Quelle place dans ta famille ?

Le sage précaire n’aurait jamais été ni aussi sage ni aussi précaire s’il n’avait pas occupé cette place spécifique dans sa fratrie.

Je suis le dernier né d’une lignée de quatre garçons, et après moi est arrivée ma sœur. Il ne fait pas de doute que mes frères et sœurs ont formé une structure symbolique qui a déterminé ma personnalité et mon rapport au monde.

Quand vous cherchez à vous comprendre, analysez votre place dans la famille.

Ma sœur fut le pôle douceur et humanité de mon existence. Avec elle pas de dispute, pas de colère, pas de drame.

Mes frères furent en revanche la grosse masse au-dessus de moi qui me montrait la voie en m’en interdisant l’accès.

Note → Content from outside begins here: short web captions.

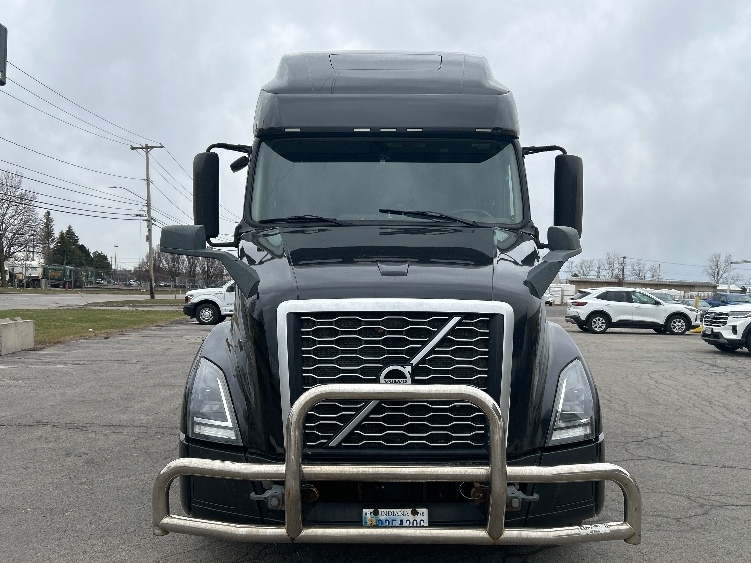 2020 Volvo VNL 760 in Rochester, NY — photo 2
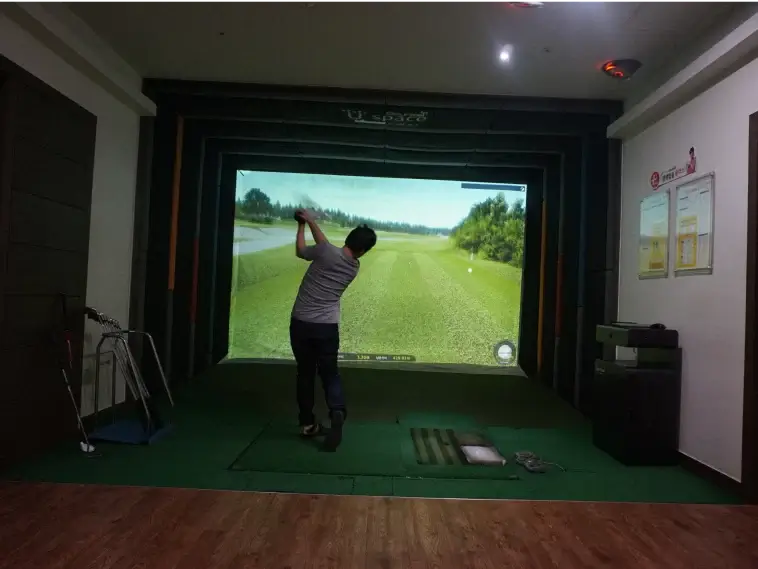 South Koreans are obsessed with screen golf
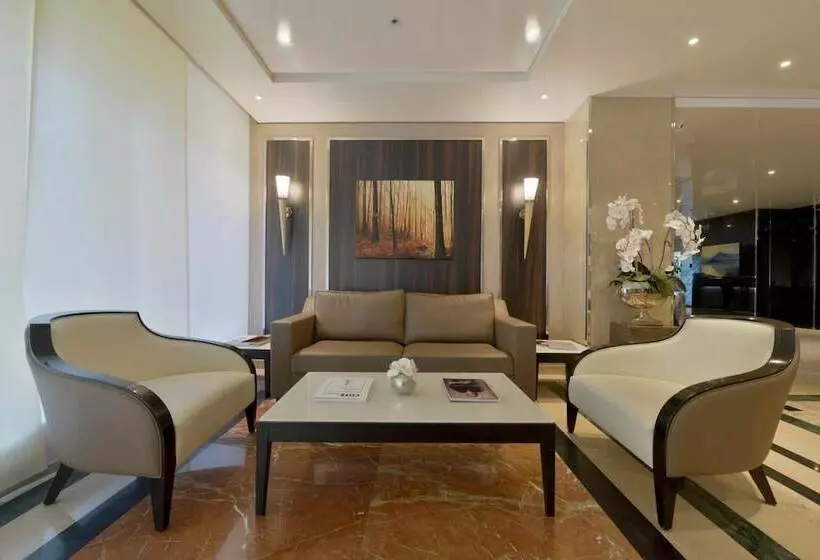 فندق Nash Airport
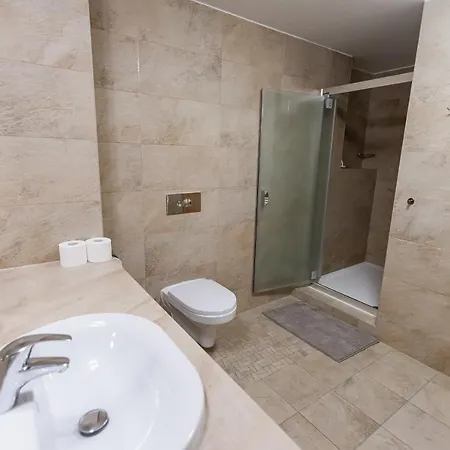 In-out * 도노발리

Mais en même temps mes frères furent un rempart de protection inexpugnable.

Moi, petit garçon, je n’avais même pas besoin de savoir me défendre. Les harceleurs et les bizuteurs me voyaient auréolé d’une armée de frères avec qui on ne badine pas. Les grands embêtaient mes amis plutôt que moi. Une fois un gars du village m’a tapé sur un terrain de football. Je me suis laissé faire car il ne faisait pas mal et que je voulais retourner au match. Il était plus âgé que moi, la préséance voulait qu’il me dominât. Il a dû se prendre une chasse monumentale chez lui car il n’a jamais recommencé et a toujours joué au football avec moi malgré mon jeune âge. On ne bat pas un petit Thouroude.

Une autre fois, un grand du collège me faisait peur car il était très laid et me maltraitait avec des gestes de petit caïd. Mon frère Jean-Baptiste, alerté par mon père, est venu vers lui en l’appelant par son surnom « le pisseux » : l’adolescent est parti en courant et ne m’a plus jamais importuné.

Mes frères avaient ce pouvoir magique de faire disparaître le danger sur mon chemin.

Cela explique je crois mon rapport décontracté au monde et au voyage. Je n’ai presque jamais peur et ne pense jamais qu’il pourrait m’arriver un malheur. Même les hommes qui me regardent salement, je les aborde avec un sourire et les mains ouvertes. Cette confiance en l’humanité et cette légèreté face aux responsabilités, je les dois à mes frères et sœurs. Ils m’ont encadré de manière protectrice.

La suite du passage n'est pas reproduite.